| The data |
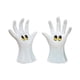 thumbnail image 5 of 2 Figuras De Mano Fantasma Para Decoración De Halloween, Para Centro De Mesa, Escritorio Y Hogar., 5 of 5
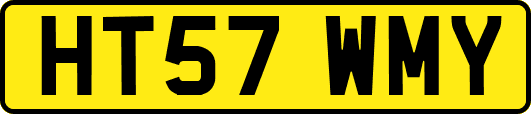 HT57WMY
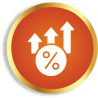 Preferential rates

| Your task |
In your copy, omit the pictures and restate every line of the data word for word.

| Solution for this task |
 thumbnail image 5 of 2 Figuras De Mano Fantasma Para Decoración De Halloween, Para Centro De Mesa, Escritorio Y Hogar., 5 of 5
 HT57WMY
 Preferential rates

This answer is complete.